Work required
An exact transcription of the listing, without its images, is what the answer must contain.

Data provided
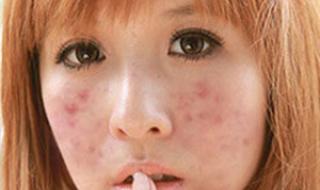 额头上长痘痘怎么调理 额头上长痘痘怎么调理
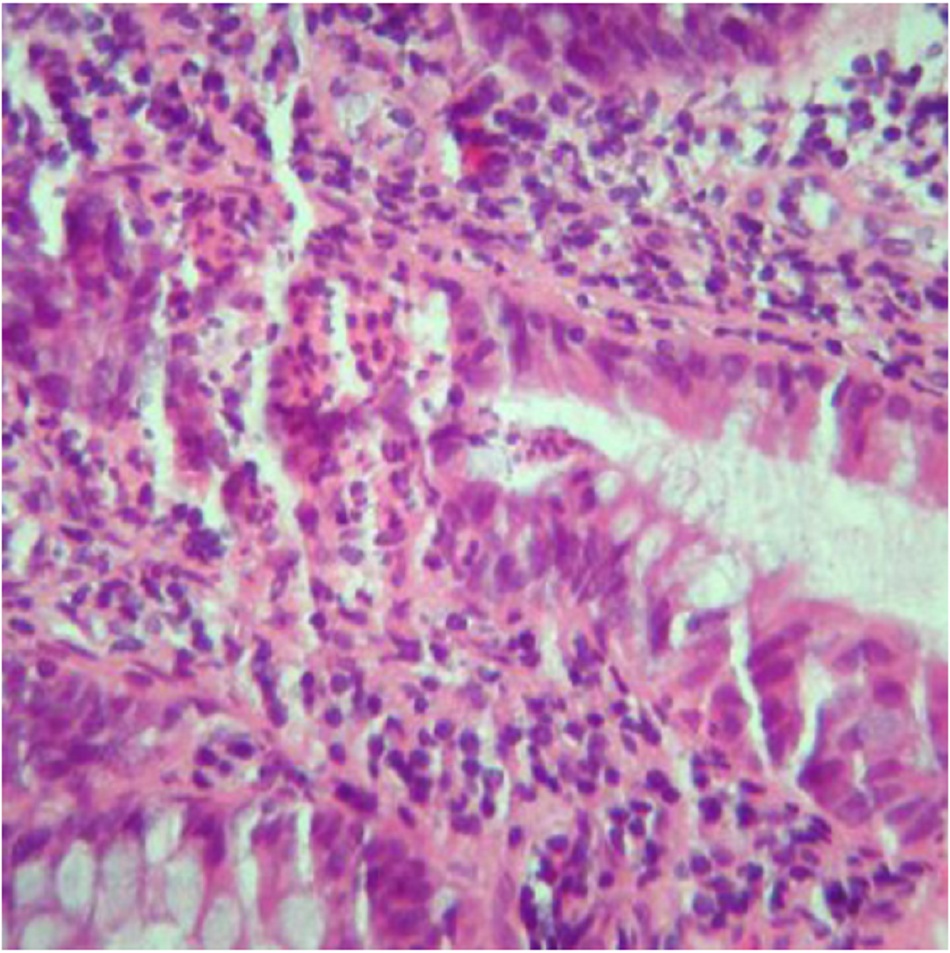 Hình 9: Viêm hốc và áp-xe nang với biến dạng hình thái của nang đi kèm viêm và nhiều tế bào bạch huyết và bào tương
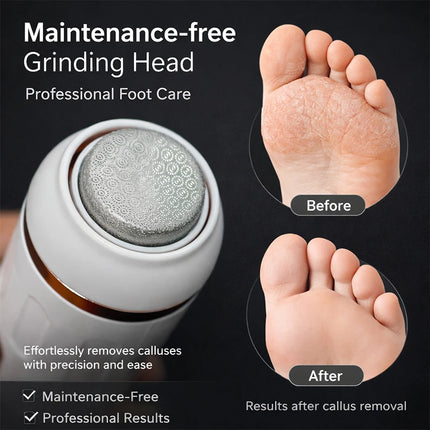 Electric Callus Remover Foot File Dry Skin Remover Dead Skin Eliminator Pedicure Exfoliator Tool for Home Foot Care 2026 New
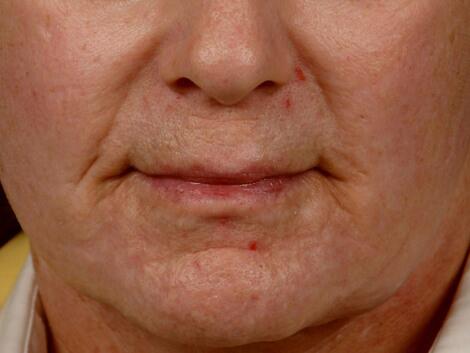 Laser Skin Resurfacing Before & After Image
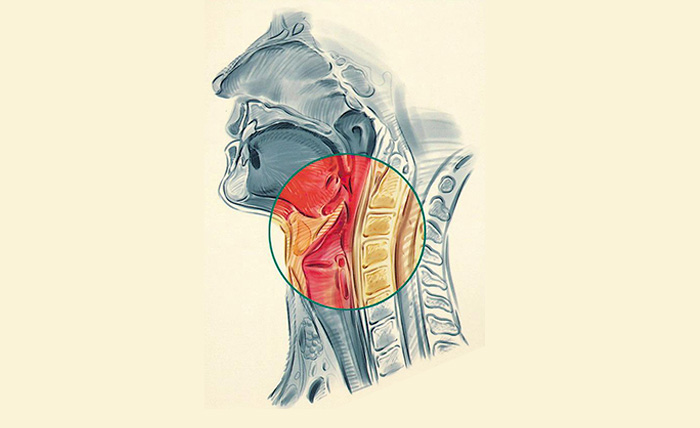 Abast integral del pacient amb disfàgia neurègena. Institut Guttmann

Written response
 额头上长痘痘怎么调理 额头上长痘痘怎么调理
 Hình 9: Viêm hốc và áp-xe nang với biến dạng hình thái của nang đi kèm viêm và nhiều tế bào bạch huyết và bào tương
 Electric Callus Remover Foot File Dry Skin Remover Dead Skin Eliminator Pedicure Exfoliator Tool for Home Foot Care 2026 New
 Laser Skin Resurfacing Before & After Image
 Abast integral del pacient amb disfàgia neurègena. Institut Guttmann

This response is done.